Betreft dit ‘uitsluiting van een vergadering?
In geval dat helaas de band met een vergadering moest worden verbroken, hoort men wel zeggen, dat de betreffende vergadering ‘uitgesloten is’. Een dergelijke uitdrukking wekt echter verwarring en moet dan ook beslist niet gebruikt worden. De term ‘uitsluiten’ komt in dit verband niet in de Schrift voor, maar wordt ‘onder ons’ gebruikt om er mee aan te geven, dat iemand als een boze uit het midden is weggedaan. Met zo iemand mogen we naar het voorschrift uit 1 Kor. 5:11 geen omgang hebben en met hem mogen we niet eten. Als we nu spreken over het ‘uitsluiten van een vergadering’ zou dat inhouden, dat we alle broeders en zusters daar ter plaatse als bozen hebben te beschouwen en elke vorm van gemeenschap met hen hebben te verbreken.
Het zou betekenen, dat allen gelijk staan met hoereerders, dieven, lasteraars e.d. Welnu, dat is in zo’n situatie beslist niet het geval. Als een vergadering de grondslag van het vergaderen verlaat door bijv. een vaste spreker in te schakelen of door de priesterdienst van lofzegging en aanbidding tot enkele broeders te beperken dan hebben we zo’n vergadering te beschouwen als iedere andere geloofsgemeenschap, die hoewel orthodox in de leer toch niet op Schriftuurlijke grondslag samen vergaderd is. Het zou niet best zijn als we de gelovigen in de diverse kerkgemeenschappen als bozen beschouwden. We doen dat ook niet; gelukkig niet!
Wel, dan moeten we het ook niet doen met de gelovigen die behoren tot een kring, die eens met ons in praktische gemeenschap verbonden was. Natuurlijk, de verantwoordelijkheid van een afgeweken vergadering is groter dan die van een kerkelijke gemeenschap, maar hun afwijken van de grondslag maakt hen niet tot bozen.
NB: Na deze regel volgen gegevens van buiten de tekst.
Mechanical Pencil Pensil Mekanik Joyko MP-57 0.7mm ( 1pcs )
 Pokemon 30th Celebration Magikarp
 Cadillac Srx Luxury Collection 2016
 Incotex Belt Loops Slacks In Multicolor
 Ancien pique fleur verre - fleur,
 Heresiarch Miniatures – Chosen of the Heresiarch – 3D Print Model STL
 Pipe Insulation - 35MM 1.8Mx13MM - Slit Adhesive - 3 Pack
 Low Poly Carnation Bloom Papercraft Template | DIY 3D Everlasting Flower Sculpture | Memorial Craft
En als er zich nu bozen in bevinden?
Veronderstel nu dat de verbreking van praktische gemeenschap heeft plaatsgevonden omdat naar het oordeel van de onderzoekende vergaderingen zich in die vergadering bozen bevinden, die niet zijn weggedaan? In zo’n geval is het de taak van de onderzoekende vergaderingen om bekend te maken, dat zij ‘die-en-die’ als bozen beschouwen, zodat iedere gelovige in de andere vergaderingen weet, dat hij met deze geen gemeenschap mag oefenen. Dat betreft dan echter alleen hen die als bozen zijn aangewezen en niet alle anderen. Uiteraard speelt hierbij ook een rol of men willens en wetens de bozen de hand boven het hoofd houdt of dat men oprecht overtuigd is van hun integriteit of in onwetendheid verkeert. Als met al is het zaak om in deze moeilijke situaties met grote omzichtigheid, gedreven door grote liefde tot de Heer maar ook tot medebroeders en zusters te werk te gaan.